Dopamine neurons reflect the behavioral computations of value. (a) Dopamine neurons represent a common scale of value. Monkeys indicated preference between different reward types by making choices. Orange and brown boxes represent the CSs that were associated with the different rewards, and that the monkeys chose between. ‘Greater than’ symbols indicate more preferred, whereas tildes indicate choice indifference. Peri-Stimulus Time Histogram (PSTH) of dopamine responses to onset of visual reward-predicting CS. Individual PSTH are color and dash coded according to the CS. Dopamine responses were largest for the most preferred rewards, smallest for the least preferred rewards, and indistinguishable for rewards that the monkey was indifferent between. This figure was modified and reproduced with permission from Ref. [20]. (b) The mathematical relationship between subjective value (utility) and physical reward size was described by an S-shaped function (red line). Grey bars indicate dopamine responses to unpredicted rewards that varied in magnitude between 0.1 ml and 1.2 ml in 0.1 ml increments. Error bars are SEM across 16 neurons. This figure was modified and reproduced with permission from Ref. [23]. (c) Raster plot (top) and PSTH (bottom) of one dopamine neuron in response to the onset of a RDM stimulus. Data are divided according to the accuracy of the subsequent choice. Dopamine neurons were more active on trials when the monkey chose correctly (green), rather than incorrectly (red). Numbers along the side of the raster plot indicate RDM coherence. Shaded error bars on PSTH are SEM across trials. This figure was modified and reproduced with permission from Ref. [19]. (d) Dopamine neurons are silenced by distorted audio feedback (DAF) during bird song learning. Voltage traces (top) and raster plots (bottom) around normal (‘Normal’) and distorted (‘DAF’) audio feedback. This figure was modified and reproduced with permission from Ref. [18••].
To demonstrate the functional relationship between subjective value and dopamine activity, subjective value was measured as a function of physical value in monkeys making choices between risky and safe outcomes. There is a mathematical relationship between risk attitudes, whether the monkey is risk seeking or risk avoiding, and the curvatures of the resulting value functions [50]. Choices between risky rewards revealed an ‘S’-shaped subjective value (utility) function that reflected risk seeking for small rewards and risk avoiding for large rewards (Figure 1b, red line) [23,51]. The magnitudes of dopamine responses to unpredicted rewards were correlated with the shape of the measured utility functions (Figure 1b) [23]. During behavioral choices, dopamine responses scaled with the value of the chosen options [21,52]. Moreover, dopamine responses were larger on trials when the monkey indicated the correct choice, compared to when it was mistaken (Figure 1c) [19]. These results demonstrate that dopamine responses integrate moment-by-moment behavioral information with reinforcement learning to code the same dynamic value information that is used to make decisions.

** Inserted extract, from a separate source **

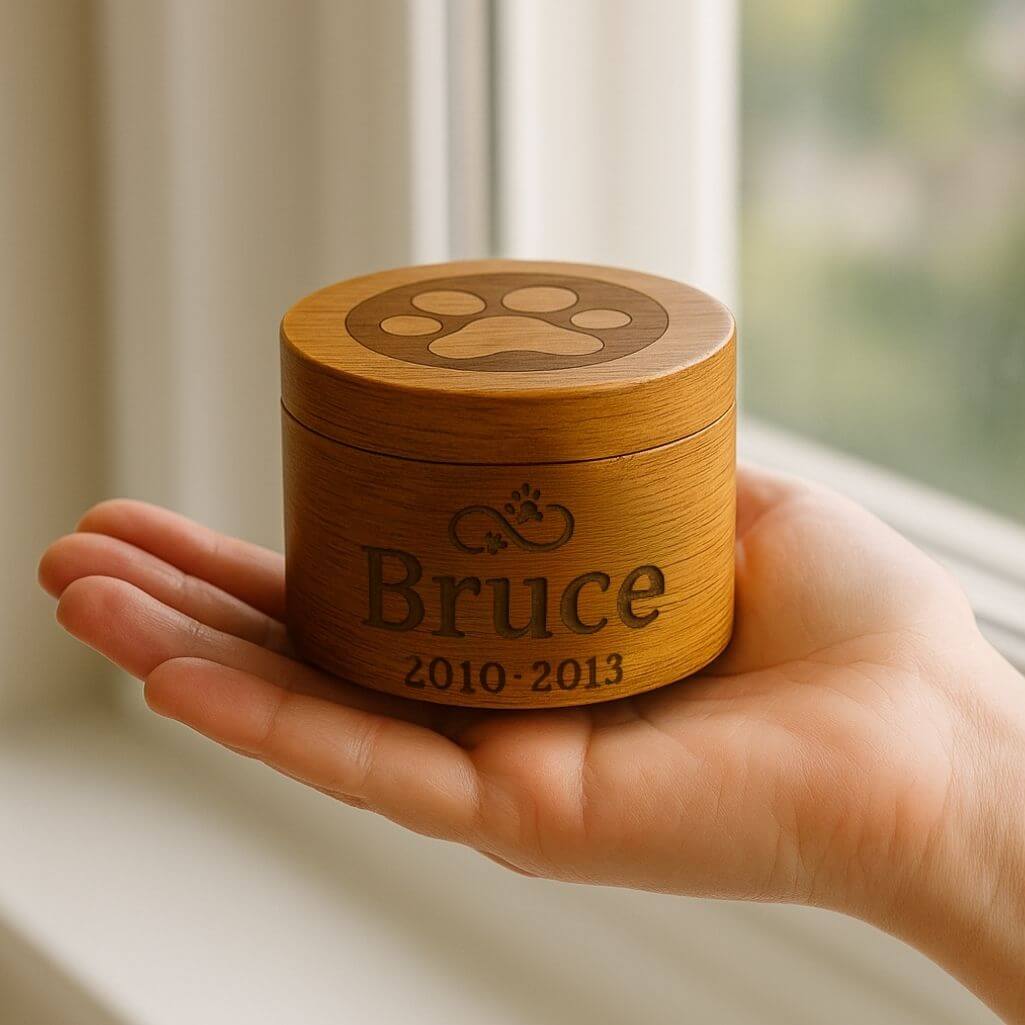 Personalised Wooden Pet Urn with Infinity Paw Heart – Dog Urn with Engraved Name & Dates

Value may be gained from physical rewards, but also may be derived from the internal evaluation of performance. A novel study examined dopamine activity during bird song learning. As juvenile birds learned to sing, distorted audio feedback (DAF) was provided at unpredictable times. Dopamine neurons paused their firing when they heard the DAF, as though they were responding to a negative prediction error (Figure 1d). The response was contingent upon the bird singing; dopamine neurons were unaffected by DAF when they were not singing [18••]. This result demonstrates that dopamine neurons are active during performance monitoring, but it remains unclear whether this response reflected the performance error itself or whether it reflected the value of that error. Developing behavioral technologies to measure the value of good performance is key to understanding how reward and motor systems interact to motivate motor learning.
Value has many sources, including long term reinforcement learning history, context, and trial-by-trial behavioral factors. Overall, these recent studies demonstrate that dopamine prediction error responses reflect these many sources of value, and provide deeper insights into the nature of biological reinforcement learning.
Biological implementation of reward prediction error computations
Dopamine neurons receive input from more than thirty brain areas, including the lateral hypothalamus, subthalamic nucleus, the pedunculopontine nucleus, the lateral habenula, the striatum, and the dorsal raphe nucleus [6••,7,11,53,54]. It is of considerable interest how dopamine neurons integrate information from these diverse brain regions to compute RPE.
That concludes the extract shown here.